Matricardi sighed and looked at Rockaforte. Rockaforte raised his eyebrows.

“Do you like this house?” said Matricardi.

I considered the dust-covered parlor, the load of ancient furnishing between the carpet and the ceiling’s scrollwork, how it all hung suspended inside the shell of the warehouse-brownstone. I felt the presence of the past, of mothers and sons, deals and understandings, one dead hand gripping another-dead hands were nested here on Degraw Street like a series of Chinese boxes. Including Frank Minna’s. There were so many ways I didn’t like it I didn’t know where to begin, except that I knew I shouldn’t allow myself to begin at all.

“It’s not a house,” I said, offering the very least of my objections. “It’s a room.”

“He says it’s a room,” said Matricardi. “Lionel, this is my mother’s house where we sit. Where you stand so full of fury it makes you like a cornered dog.”

“Somebody killed Frank.”

“Are you accusing Tony?”

“Accusatony! Excusebaloney! Funnymonopoly!” I squeezed my eyes shut to interrupt the seizure of language.

“We wish you to understand, Lionel. We regret Frank’s passing. We miss him sorely. It is a soreness in our hearts. Nothing could please us more than to see his killer torn by birds or picked apart by insects with claws. Tony should have your help in bringing that day closer. You should stand behind him.”

“What if my search brings me to Tony?” I’d let The Clients lead me to this pass in the conversation, and now there wasn’t any reason to pretend.

“The dead live in our hearts, Lionel. From there Frank will never be dislodged. But now Tony has replaced Frank in the world of the living.”

“What does that mean? You’ve replaced Frank with Tony?”

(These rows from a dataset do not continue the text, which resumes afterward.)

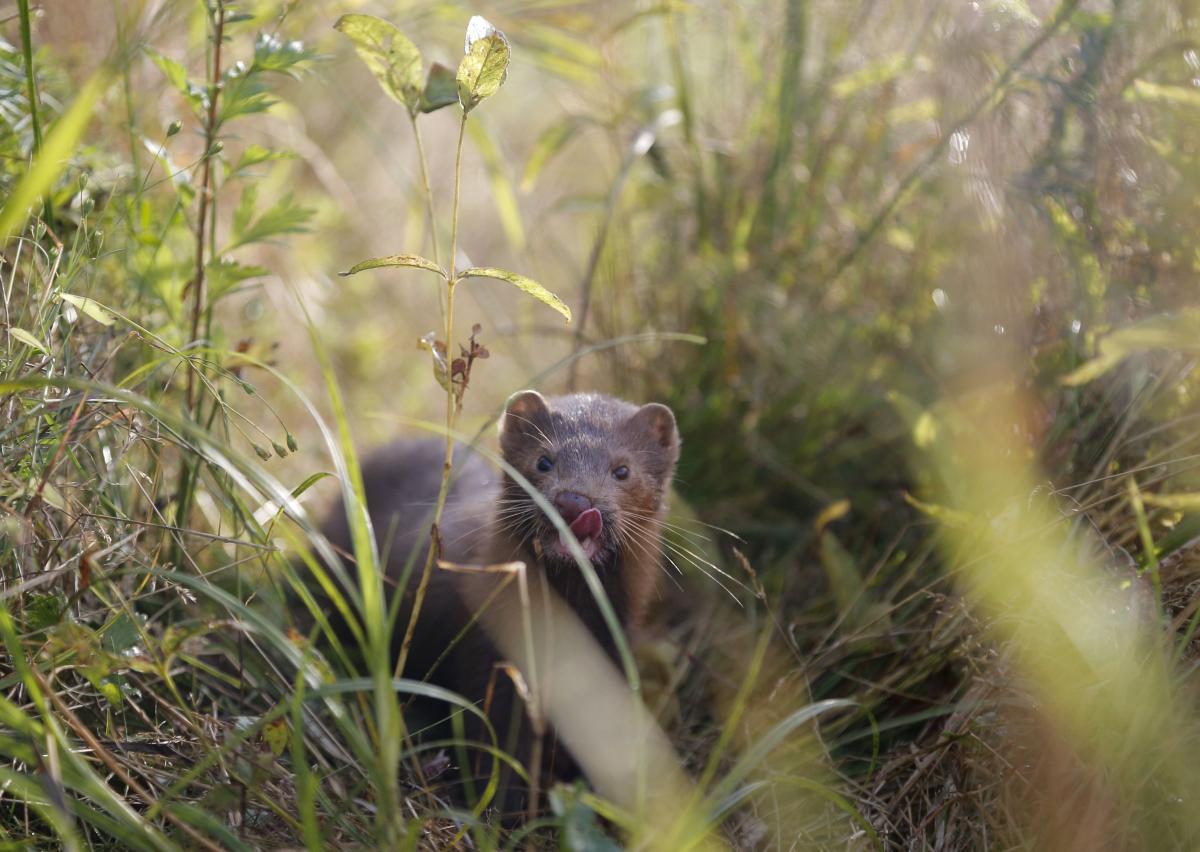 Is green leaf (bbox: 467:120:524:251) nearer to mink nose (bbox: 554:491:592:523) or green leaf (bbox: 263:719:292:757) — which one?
mink nose (bbox: 554:491:592:523)

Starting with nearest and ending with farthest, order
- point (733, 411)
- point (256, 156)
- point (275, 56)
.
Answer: point (275, 56)
point (256, 156)
point (733, 411)

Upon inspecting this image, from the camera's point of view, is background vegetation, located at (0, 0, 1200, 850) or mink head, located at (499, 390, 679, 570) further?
mink head, located at (499, 390, 679, 570)

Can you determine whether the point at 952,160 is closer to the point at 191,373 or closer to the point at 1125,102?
the point at 1125,102

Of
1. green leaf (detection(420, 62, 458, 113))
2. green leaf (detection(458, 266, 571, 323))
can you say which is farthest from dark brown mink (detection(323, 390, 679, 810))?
green leaf (detection(420, 62, 458, 113))

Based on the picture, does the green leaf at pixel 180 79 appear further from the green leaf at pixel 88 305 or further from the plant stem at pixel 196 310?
the green leaf at pixel 88 305

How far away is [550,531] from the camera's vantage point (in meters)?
3.57

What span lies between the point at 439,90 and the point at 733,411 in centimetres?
267

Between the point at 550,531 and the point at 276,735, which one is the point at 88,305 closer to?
the point at 276,735

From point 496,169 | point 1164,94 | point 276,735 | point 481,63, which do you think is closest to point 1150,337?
point 1164,94

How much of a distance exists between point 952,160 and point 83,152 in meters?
3.67

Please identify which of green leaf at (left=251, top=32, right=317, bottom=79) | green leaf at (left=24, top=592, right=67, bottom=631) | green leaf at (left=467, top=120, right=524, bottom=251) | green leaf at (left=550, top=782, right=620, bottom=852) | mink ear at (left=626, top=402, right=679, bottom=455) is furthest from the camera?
green leaf at (left=467, top=120, right=524, bottom=251)

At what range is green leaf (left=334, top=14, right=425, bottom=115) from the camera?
2776 mm

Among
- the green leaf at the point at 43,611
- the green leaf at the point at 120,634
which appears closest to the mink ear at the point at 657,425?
the green leaf at the point at 120,634

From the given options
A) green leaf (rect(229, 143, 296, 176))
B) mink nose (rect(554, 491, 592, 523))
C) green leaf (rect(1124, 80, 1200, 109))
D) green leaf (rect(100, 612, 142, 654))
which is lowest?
mink nose (rect(554, 491, 592, 523)) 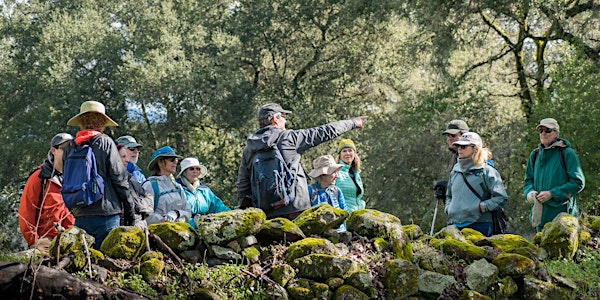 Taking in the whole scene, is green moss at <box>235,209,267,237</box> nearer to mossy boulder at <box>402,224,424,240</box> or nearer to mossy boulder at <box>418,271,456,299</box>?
mossy boulder at <box>418,271,456,299</box>

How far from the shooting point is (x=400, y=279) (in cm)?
629

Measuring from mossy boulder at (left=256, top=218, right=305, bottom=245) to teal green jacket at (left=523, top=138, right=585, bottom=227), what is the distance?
11.7ft

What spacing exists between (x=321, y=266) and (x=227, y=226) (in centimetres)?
79

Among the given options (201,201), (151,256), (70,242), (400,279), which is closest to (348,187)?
(201,201)

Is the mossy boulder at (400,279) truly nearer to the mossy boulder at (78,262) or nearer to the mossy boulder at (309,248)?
the mossy boulder at (309,248)

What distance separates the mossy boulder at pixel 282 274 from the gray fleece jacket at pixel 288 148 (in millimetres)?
1469

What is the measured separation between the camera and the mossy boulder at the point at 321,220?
6.61m

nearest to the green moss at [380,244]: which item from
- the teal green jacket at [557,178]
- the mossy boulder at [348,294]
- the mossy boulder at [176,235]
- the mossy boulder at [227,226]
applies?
the mossy boulder at [348,294]

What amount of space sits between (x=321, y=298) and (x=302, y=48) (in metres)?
23.0

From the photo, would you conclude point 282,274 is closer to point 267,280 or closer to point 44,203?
point 267,280

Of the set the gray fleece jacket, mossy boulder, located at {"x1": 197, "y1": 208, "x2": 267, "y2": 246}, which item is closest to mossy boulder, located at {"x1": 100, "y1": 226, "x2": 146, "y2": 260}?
mossy boulder, located at {"x1": 197, "y1": 208, "x2": 267, "y2": 246}

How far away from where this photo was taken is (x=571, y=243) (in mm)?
7699

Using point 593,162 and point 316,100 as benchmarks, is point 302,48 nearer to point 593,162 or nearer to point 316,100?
point 316,100

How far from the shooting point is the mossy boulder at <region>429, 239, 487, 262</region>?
6996 millimetres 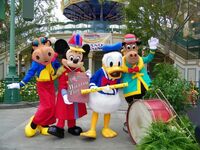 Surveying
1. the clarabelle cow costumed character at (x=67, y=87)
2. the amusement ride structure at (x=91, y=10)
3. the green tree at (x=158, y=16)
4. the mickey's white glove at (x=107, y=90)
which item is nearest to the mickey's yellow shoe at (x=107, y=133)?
the clarabelle cow costumed character at (x=67, y=87)

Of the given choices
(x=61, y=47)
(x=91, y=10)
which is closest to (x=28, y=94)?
(x=61, y=47)

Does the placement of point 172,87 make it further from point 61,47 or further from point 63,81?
point 61,47

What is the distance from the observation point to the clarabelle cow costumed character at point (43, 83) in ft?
21.1

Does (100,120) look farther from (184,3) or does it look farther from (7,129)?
(184,3)

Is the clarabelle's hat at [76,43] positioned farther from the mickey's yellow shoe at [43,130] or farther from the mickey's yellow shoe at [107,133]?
the mickey's yellow shoe at [43,130]

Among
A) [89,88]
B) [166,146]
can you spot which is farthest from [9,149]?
[166,146]

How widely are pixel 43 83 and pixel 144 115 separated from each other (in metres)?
2.22

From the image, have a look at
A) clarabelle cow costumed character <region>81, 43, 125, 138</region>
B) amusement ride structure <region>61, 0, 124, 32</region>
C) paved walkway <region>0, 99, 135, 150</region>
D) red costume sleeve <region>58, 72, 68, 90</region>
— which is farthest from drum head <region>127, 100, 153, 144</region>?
amusement ride structure <region>61, 0, 124, 32</region>

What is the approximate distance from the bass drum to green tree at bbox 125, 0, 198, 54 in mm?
11206

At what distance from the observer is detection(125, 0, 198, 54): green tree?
635 inches

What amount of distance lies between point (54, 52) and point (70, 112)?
1.17 m

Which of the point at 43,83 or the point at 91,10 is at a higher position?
the point at 91,10

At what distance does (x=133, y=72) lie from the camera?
6.41 meters

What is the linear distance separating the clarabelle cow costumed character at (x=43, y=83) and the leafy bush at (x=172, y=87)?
73.6 inches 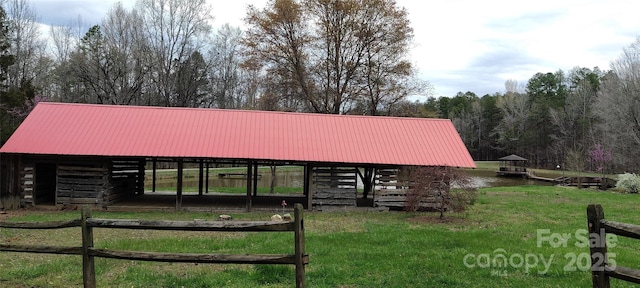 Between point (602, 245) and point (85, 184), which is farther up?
point (602, 245)

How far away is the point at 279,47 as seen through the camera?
3459 cm

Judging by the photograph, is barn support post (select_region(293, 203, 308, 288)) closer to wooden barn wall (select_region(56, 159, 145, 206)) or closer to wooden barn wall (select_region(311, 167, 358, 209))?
wooden barn wall (select_region(311, 167, 358, 209))

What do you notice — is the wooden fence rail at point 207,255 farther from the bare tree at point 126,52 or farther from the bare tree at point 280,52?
the bare tree at point 126,52

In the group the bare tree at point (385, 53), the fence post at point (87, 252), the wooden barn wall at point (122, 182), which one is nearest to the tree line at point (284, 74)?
the bare tree at point (385, 53)

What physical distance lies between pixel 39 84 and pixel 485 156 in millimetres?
74408

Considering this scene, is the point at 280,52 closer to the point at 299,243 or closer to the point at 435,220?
the point at 435,220

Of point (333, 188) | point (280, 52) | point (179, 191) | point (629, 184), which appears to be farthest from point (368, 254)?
point (280, 52)

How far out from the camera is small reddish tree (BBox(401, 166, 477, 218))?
14.4 metres

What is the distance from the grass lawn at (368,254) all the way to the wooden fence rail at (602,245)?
2.19 m

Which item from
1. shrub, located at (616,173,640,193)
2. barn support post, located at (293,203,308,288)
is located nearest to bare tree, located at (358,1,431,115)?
shrub, located at (616,173,640,193)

“It means you shouldn’t act against Tony. Because our wishes go with him.”

I understood now. It was Tony’s Italian apotheosis at last. I was thrilled for him.

Unless it had been this way for years without my knowing. Maybe Tony Vermonte and The Clients ran deeper than Frank Minna and The Clients ever had.

I considered the word replaced. I decided it was time to go.

“I need your permission-” I began, then stopped. Who were The Clients, and what did their permission consist of? What was I thinking?

“Speak, Lionel.”

“I’m goi to keep looking,” I said. “With or without Tony’s help.”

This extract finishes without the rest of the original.